Intervista a Jonas Carpignano

Adesso dovrei fare gli Avengers, con tutti i personaggi dei miei tre film girati a Gioia Tauro insieme. Facciamo i miliardi e chiudiamo” scherza Jonas Carpignano, sul fatto che A Chiara suo terzo film girato a Gioia Tauro contiene anche i protagonisti dei primi due Mediterranea e A Ciambra, come se fosse tutto parte di un Gioia Tauro Cinematic Universe. Tre film presentati sempre a Cannes, tre film che hanno imposto uno stile nel mondo (il secondo era prodotto anche da Martin Scorsese) e che ora è come se si chiudessero con A Chiara: “Vorrei staccarmi da Gioia Tauro e fare altro, ma di certo se ci dovessi tornare queste persone ci sarebbero. Magari sarebbe bello allargare l’universo narrativo e vedere ad esempio tra qualche anno come sta crescendo Chiara”.

Più Antoine Doinel che Tony Stark, A Chiara è alla Quinzaine quest’anno e al semidocumentarismo dei film precedenti aggiunge uno svolgimento più lineare, un intreccio e una risoluzione inattesi e rinfrescanti. Carpignano è arrivato con tutta la delegazione, inclusa la protagonista Swami Rotolo alla mini conferenza con la stampa italiana e sembra non essere cambiato di una virgola da quando presentava Mediterranea.

Hai voluto che questo terzo film fosse più convenzionale?

“Era previsto fin dal trattamento. L’importante è sempre fare un film che in un modo o nell’altro rispecchi il mondo che racconta. A Ciambra aveva una struttura caotica perché il mondo che racconta è caotico, Mediterranea invece è molto frammentato perché la percezione della realtà del protagonista è frammentata”.

A Chiara cos’è?

“È un giallo. Chiara cerca di scoprire cosa accade alla sua famiglia. È un elemento che rende sicuramente il film più commerciale e parte dalla protagonista”.
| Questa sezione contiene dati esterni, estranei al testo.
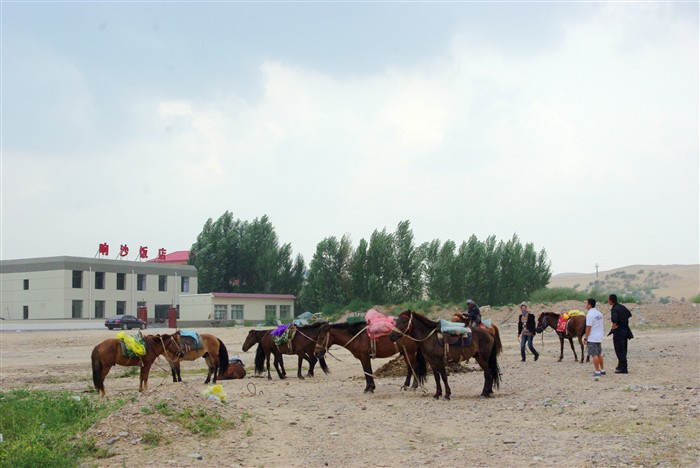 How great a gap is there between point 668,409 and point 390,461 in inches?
225

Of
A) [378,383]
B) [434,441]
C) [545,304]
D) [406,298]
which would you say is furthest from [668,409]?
[406,298]

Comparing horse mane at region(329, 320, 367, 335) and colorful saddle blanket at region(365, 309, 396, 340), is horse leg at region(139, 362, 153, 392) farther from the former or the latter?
colorful saddle blanket at region(365, 309, 396, 340)

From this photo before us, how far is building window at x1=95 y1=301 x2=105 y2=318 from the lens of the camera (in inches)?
2500

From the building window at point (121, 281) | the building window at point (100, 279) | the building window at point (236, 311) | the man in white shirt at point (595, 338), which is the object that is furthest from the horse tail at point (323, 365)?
the building window at point (121, 281)

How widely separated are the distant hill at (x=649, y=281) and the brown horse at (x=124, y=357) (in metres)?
101

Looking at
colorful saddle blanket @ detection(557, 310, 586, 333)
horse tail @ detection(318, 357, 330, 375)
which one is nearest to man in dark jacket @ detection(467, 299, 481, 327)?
horse tail @ detection(318, 357, 330, 375)

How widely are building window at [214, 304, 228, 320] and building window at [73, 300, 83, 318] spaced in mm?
11093

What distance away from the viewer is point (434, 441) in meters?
10.4

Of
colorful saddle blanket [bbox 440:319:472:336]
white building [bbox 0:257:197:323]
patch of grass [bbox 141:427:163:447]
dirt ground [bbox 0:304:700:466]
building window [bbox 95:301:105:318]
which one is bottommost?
dirt ground [bbox 0:304:700:466]

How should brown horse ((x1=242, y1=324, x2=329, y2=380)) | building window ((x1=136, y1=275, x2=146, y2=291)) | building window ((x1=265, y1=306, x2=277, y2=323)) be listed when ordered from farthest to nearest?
building window ((x1=265, y1=306, x2=277, y2=323)) → building window ((x1=136, y1=275, x2=146, y2=291)) → brown horse ((x1=242, y1=324, x2=329, y2=380))

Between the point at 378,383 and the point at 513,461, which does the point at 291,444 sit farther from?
the point at 378,383

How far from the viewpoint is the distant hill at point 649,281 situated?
115 meters

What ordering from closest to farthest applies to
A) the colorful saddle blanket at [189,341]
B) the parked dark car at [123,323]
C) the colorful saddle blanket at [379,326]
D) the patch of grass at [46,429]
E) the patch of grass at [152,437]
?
the patch of grass at [46,429] → the patch of grass at [152,437] → the colorful saddle blanket at [379,326] → the colorful saddle blanket at [189,341] → the parked dark car at [123,323]

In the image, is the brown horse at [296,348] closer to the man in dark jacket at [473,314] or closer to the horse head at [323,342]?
the horse head at [323,342]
Ad ogni modo i collegamenti ad A Ciambra ci sono, anche al di là della presenza di Pio, il protagonista di quel film.

“Una cosa che li collega molto è che entrambi hanno una cena in famiglia. L’ho capito quando sono andato ad un 18esimo all’Enjoy Burger House e ho visto che è un modo perfetto per spiegare come viva la famiglia. Era la scena della cena di A Ciambra solo un po’ più complessa”.

Era una trilogia prevista così fin dall’inizio?

“No è venuto tutto in maniera spontanea film dopo film. Avevo incontrato tempo fa la famiglia Rotolo e poi mentre facevo A Ciambra la RAI mi chiese un trattamento per il film successivo. L’ho scritto molto in fretta e gliel’ho dato. Così ce l’avevo in testa quando facevo il casting per A Ciambra in cui ho potuto provare come recita Swami. Non glielo dissi all’epoca ma avevo già deciso che se avessi fatto quel trattamento lì lei sarebbe stata Chiara. La conosco da tempo, la incontravo al Gioia Tauro film festival, e nonostante l’abbia vista crescere alla fine non sai mai se abbia voglia di fare un film o no. Infatti all’inizio non voleva, non voleva lavorare anche il sabato sera. È stato necessario un po’ di corteggiamento”.

La storia l’avevi condivisa con gli attori?

“No, il contrario. Nessuno ha avuto il copione completo. Ognuno sapeva solo la parte di storia che il suo personaggio conosce e Chiara riceveva le parti del copione di volta in volta, in modo che non sapesse come sarebbe andata a finire o cosa sarebbe successo e quindi potesse essere sorpresa davvero”.

Quindi hai dovuto girare in senso cronologico tutto il film no?

“Esatto. Infatti abbiamo girato la parte di Urbino alla fine. Lì, a fine lavorazione, per la prima volta ho sentito che avevo davanti una vera attrice professionista. È una scena non facile, ma quando gliel’ho spiegata ho capito che non dovevo fare altro. Mi ha detto “Ok ok ho capito” e si è seduta. La prestazione è da pelle d’oca. Finita la scena me la sono portata via, ci siamo abbracciati e abbiamo pianto”.